原口さん:新規開発の提案は課長の承認を得たら、部長へ、というように段階的に進めていくのですが、「面白そう」「なぜ今までなかったのか」と好感触でした。とくにムーンフェイズウオッチを所有している人は大賛成で。実際、私もお客様や店員の方に取材する機会をいただいたとき、「ムーンフェイズの時計は調整の説明をするのが大変」という声があったんです。中には、笑い話のように「自分の時計はずいぶん前に正確に合わせるのを諦めた」という意見まで。自分のアイデアは間違っていなかったと思いましたね。

–確かにムーンフェイズの表示合わせはまず新月の状態に合わせてそこから正しい月齢までリューズやボタンを操作し続ける必要があるなど、正確な調整にはなにかと手間がかかりますからね。また月末のカレンダー調整の際にうっかり月齢をいじってしまうミスなども“あるある”です。さて、そしていざ開発となるわけですが、「ルナプログラム」はゼロベースからの開発だったのでしょうか?

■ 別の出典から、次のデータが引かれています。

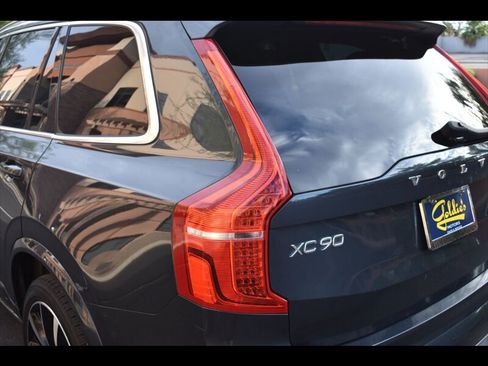 Used 2021 Volvo XC90 T6 Momentum w/ Advanced Package AWD/4WD image 51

原口さん:ロングセラーの定番「AT8040」をベースにしています。開発費を抑えつつ、動作の信頼性も担保することは企画を通すうえでの必須項目ですし、いくつかの改良で十分に実現できる自信もあったんです。改良については、ムーンフェイズは円盤が金属製で直径も大きく金属蒸着も施しているために重いという課題がありました。一方でエコ・ドライブは省電力ですべてを賄っているためエネルギーをアップさせる発想はなく、代わりにギア比を変更することで対応しました。加えて衝撃で円盤が外れないよう、耐衝撃性能を高める工夫も施しています。

–一般的なムーンフェイズだと約29.5日の月齢周期に合わせた歯車がありますが、高精度を保ったままギア比を変更するのは大変な作業のように思えます。

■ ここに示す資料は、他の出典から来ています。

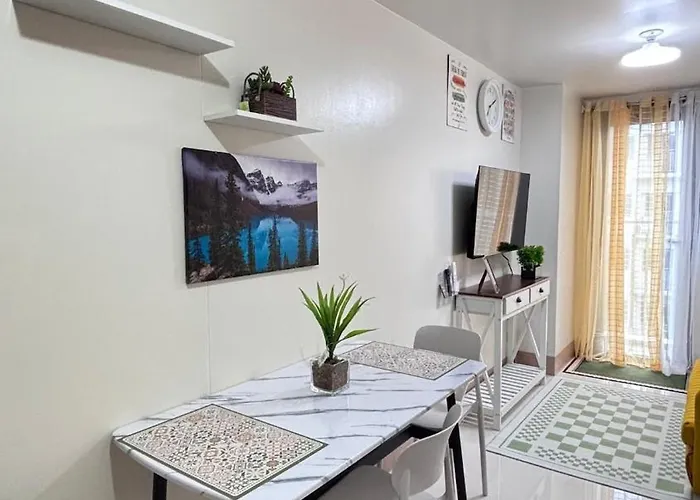 Отель Chevlex Casa Near Mall Of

原口さん:「ルナプログラム」はメトン周期(※)から独自の計算式を導き出しているので、いわゆる29.5日周期とはそもそもの考え方が違うんです。このメトン周期に基づく月齢計算がアナログ腕時計で採用された事例も、これまでになかったかもしれません。ただ、一般に知られるメトン周期を用いた計算方法では月齢がなかなか合わない期間が発生することなどもあり、いろいろな文献をあたり自分なりに調べて独自の計算式を導き出すことになりました。今回採用した計算式は、2099年までは月齢表示に問題が無いことを確認しておりますので、お客様に自信を持っておすすめできます。

※同じ月日に同じ月の位相が見られる周期として、紀元前433年にギリシャの数学者メトン(Meton)が発見した19年の周期。19太陽年は365.242194 日 ✕ 19 = 6939.601686 日で、これが235朔望月(29.530589 日 ✕ 235 = 6939.688415 日)とほぼ等しいことに由来する。この周期は、太陰太陽暦でうるう(閏)年を入れる置閏法のために重要であった。(出典:公益社団法人 日本天文学会「天文学辞典:メトン周期」より一部引用)

「シチズン アテッサ エコ・ドライブ電波時計 ダイレクトフライト ムーンフェイズ」のバリエーション。左の2本は同じBY1001-66E(13万7500円)で、そのほかオールブラックのBY1006-62E(17万500円)と、一部にピンクゴールド色の表面処理を施したレザータイプのBY1004-17X(12万6500円)の3タイプがある

–標準時刻電波を受信して時計が正しいカレンダー情報を得たら月齢表示も自動的に修正される機構には、そのような苦労があったんですね。そういえば、このルナプログラムにはNSシフトという機能もありますね。南北半球の月齢表示は、グローバル展開を狙ったものですか?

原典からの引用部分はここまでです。